Re: [patch 1/2] nohz: only wakeup a single target cpu when kicking a task

From: Peter Zijlstra
Date: Wed Oct 14 2020 - 04:33:33 EST


On Tue, Oct 13, 2020 at 02:13:28PM -0300, Marcelo Tosatti wrote:

> > Yes but if the task isn't running, run_posix_cpu_timers() doesn't have
> > anything to elapse. So indeed we can spare the IPI if the task is not
> > running. Provided ordering makes sure that the task sees the new dependency
> > when it schedules in of course.
>
> True.
>
> * p->on_cpu <- { 0, 1 }:
> *
> * is set by prepare_task() and cleared by finish_task() such that it will be
> * set before p is scheduled-in and cleared after p is scheduled-out, both
> * under rq->lock. Non-zero indicates the task is running on its CPU.
>
>
> CPU-0 (tick_set_dep) CPU-1 (task switch)
>
> STORE p->tick_dep_mask
> smp_mb() (atomic_fetch_or())
> LOAD p->on_cpu
>
>
> context_switch(prev, next)
> STORE next->on_cpu = 1
> ... [*]
>
> LOAD current->tick_dep_mask
>

That load is in tick_nohz_task_switch() right? (which BTW is placed
completely wrong) You could easily do something like the below I
suppose.

diff --git a/kernel/time/tick-sched.c b/kernel/time/tick-sched.c
index 81632cd5e3b7..2a5fafe66bb0 100644
--- a/kernel/time/tick-sched.c
+++ b/kernel/time/tick-sched.c
@@ -410,6 +410,14 @@ void __tick_nohz_task_switch(void)
ts = this_cpu_ptr(&tick_cpu_sched);

if (ts->tick_stopped) {
+ /*
+ * tick_set_dep() (this)
+ *
+ * STORE p->tick_dep_mask STORE p->on_cpu
+ * smp_mb() smp_mb()
+ * LOAD p->on_cpu LOAD p->tick_dep_mask
+ */
+ smp_mb();
if (atomic_read(&current->tick_dep_mask) ||
atomic_read(&current->signal->tick_dep_mask))
tick_nohz_full_kick();



re tick_nohz_task_switch() being placed wrong, it should probably be
placed before finish_lock_switch(). Something like so.

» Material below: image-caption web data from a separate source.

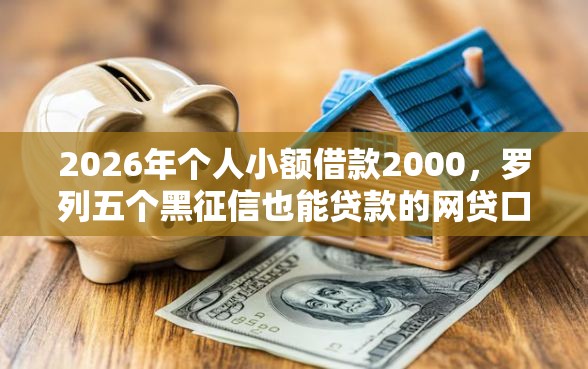 2026年个人小额借款2000，罗列五个黑征信也能贷款的网贷口子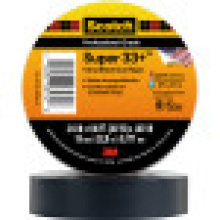 3M 7000057831 - Scotch® Super 33+ Vinyl Electrical Tape, 3/4 in x 36 yd, Black, 48 rolls/Case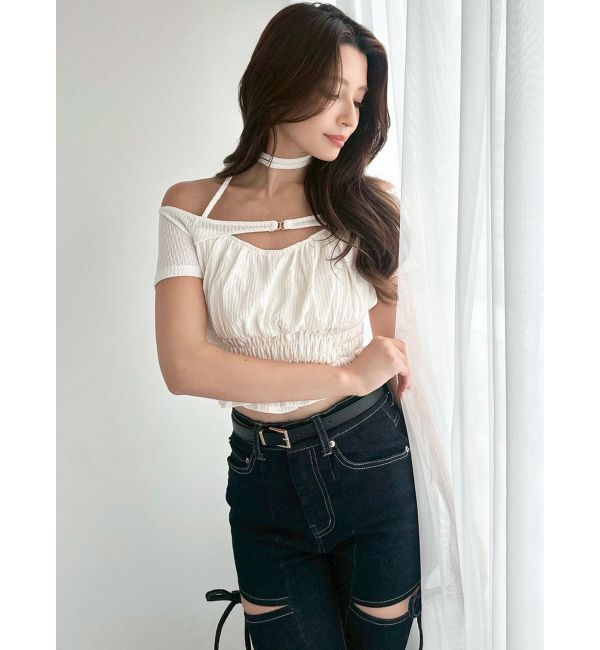 RESEXXY「フリルデザインカットトップス」|Tシャツ・カットソー|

diff --git a/kernel/sched/core.c b/kernel/sched/core.c
index cf044580683c..5c92c959824f 100644
--- a/kernel/sched/core.c
+++ b/kernel/sched/core.c
@@ -4084,6 +4084,7 @@ static struct rq *finish_task_switch(struct task_struct *prev)
vtime_task_switch(prev);
perf_event_task_sched_in(prev, current);
finish_task(prev);
+ tick_nohz_task_switch();
finish_lock_switch(rq);
finish_arch_post_lock_switch();
kcov_finish_switch(current);
@@ -4121,7 +4122,6 @@ static struct rq *finish_task_switch(struct task_struct *prev)
put_task_struct_rcu_user(prev);
}

- tick_nohz_task_switch();
return rq;
}

diff --git a/kernel/time/tick-sched.c b/kernel/time/tick-sched.c
index 81632cd5e3b7..c8bddc9fb792 100644
--- a/kernel/time/tick-sched.c
+++ b/kernel/time/tick-sched.c
@@ -402,10 +402,8 @@ void __tick_nohz_task_switch(void)
unsigned long flags;
struct tick_sched *ts;

- local_irq_save(flags);
-
if (!tick_nohz_full_cpu(smp_processor_id()))
- goto out;
+ return;

ts = this_cpu_ptr(&tick_cpu_sched);

@@ -414,8 +412,6 @@ void __tick_nohz_task_switch(void)
atomic_read(&current->signal->tick_dep_mask))
tick_nohz_full_kick();
}
-out:
- local_irq_restore(flags);
}

/* Get the boot-time nohz CPU list from the kernel parameters. */